А княгиня стояла перед воротами, и смотрела на этот костер, и говорила:
– Будете же вы помнить Игоревы поминки!
Страшный крик к небу поднялся, страшный стон.
Воины древлянские со стен слезли, дома свои тушить побежали, имение свое спасать, детей малых.
Тут-то воины княгинины подошли, без труда стенами овладели, ворота отворили, ворвались в Коростень и принялись избивать древлян, не разбирая, кто правый, кто виноватый.
Вечером, несмотря ни на что, Лена все же заснула.
И ей снова приснился тот же кошмар, что несколько дней назад – еще до всех ужасных событий, перевернувших ее жизнь. Еще до того, как она узнала о смерти Олега.
Ей снова снилось, что она находится в глубокой яме, или в погребе, темном и сыром, и к ней из глубины этого погреба тянутся болезненные белесые щупальца, похожие на картофельные ростки. Белесые щупальца тянутся к ней, пытаются ее оплести. Их прикосновения, влажные и холодные, отвратительны, Лене кажется, что они оставляют на ее коже несмываемые следы, что ей отныне придется носить на теле эти следы, как бледные татуировки.
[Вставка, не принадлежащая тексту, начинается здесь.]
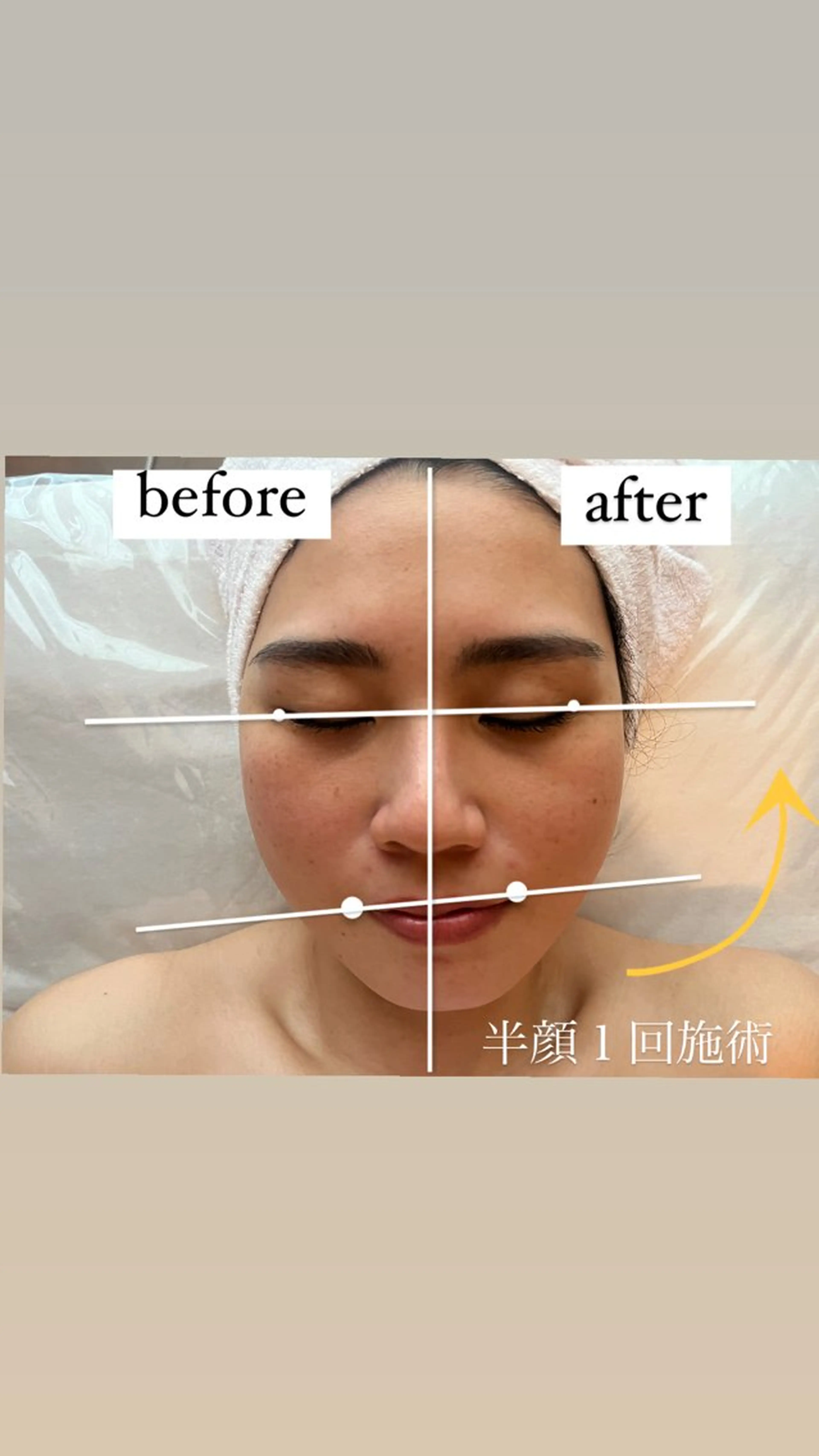 エステ private salon Rii'f.所属・private sa lon Rii'f.のエステ・リラクイメージ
Но в отличие от прежнего сна, теперь она видит, откуда растут эти щупальца. Они тянутся от огромных, бесформенных картофелин… нет, не от картофелин! Приглядевшись, Лена разглядела человеческие головы, головы со знакомыми лицами.
Вот картофелина с наглым и злым лицом сутенера Ахмета, пустые безжалостные глаза и зализанные черные волосы довершают сходство… вот глупое и самоуверенное лицо мужчины, подсевшего к Лене в ресторане… вот бледное, больное лицо доктора-наркомана Евгения Петровича, узкие бескровные губы, застарелый страх в глазах… вот картофелина с лицом майора Мелентьева – Лена узнала его круглое лицо с маленькими, злыми свиными глазками…
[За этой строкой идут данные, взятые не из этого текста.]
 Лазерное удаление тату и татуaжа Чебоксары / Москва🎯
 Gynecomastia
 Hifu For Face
Но глубже, дальше всех этих чудовищных корнеплодов Лена увидела еще одну живую голову. Эта голова пряталась в самом глубоком, самом темном углу погреба, поэтому Лена не могла разглядеть лицо – но ей казалось, что она это лицо знает, хорошо знает. Губы неизвестного шевелились, как две жирные гусеницы, он что-то шептал – но Лена не могла расслышать его слова, понимала только, что в них скрыта угроза, смертельная угроза.
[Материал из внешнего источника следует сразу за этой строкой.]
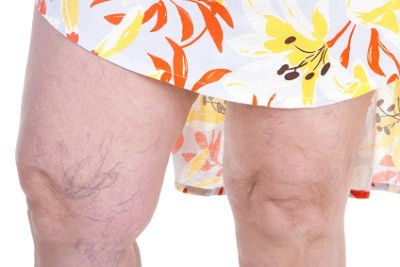 Finir avec les jambes lourdes grace au maitre marabout FAGLA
И еще… еще она понимала, что тот, кто прячется в темной глубине сарая – самый страшный, самый опасный из всех, что все остальные, даже майор Мелентьев, – всего лишь послушные марионетки в его руках, всего лишь жалкие исполнители его злой воли…
Лена проснулась с бьющимся сердцем, с пересохшим ртом. Простыни были влажны от пота, хотя в комнате было не жарко.
Она поняла, что больше не сможет заснуть, поднялась, отправилась под душ и долго стояла под прохладными струями, пытаясь смыть со своей кожи воспоминания о липких, холодных прикосновениях белесых щупалец, щупалец из ее кошмара.
После душа она переоделась и вышла из своего номера, вышла из гостиницы.
Было уже около восьми утра, она нашла работающий кафетерий и устроилась там с чашкой кофе.
Она долго сидела, перебирая в уме события последних дней и безуспешно пытаясь понять, какая страшная игра разыгрывается в этом тихом провинциальном городке. Игра, в которой на кону стоят человеческие жизни.
Так ни к чему и не придя, она снова взглянула на часы.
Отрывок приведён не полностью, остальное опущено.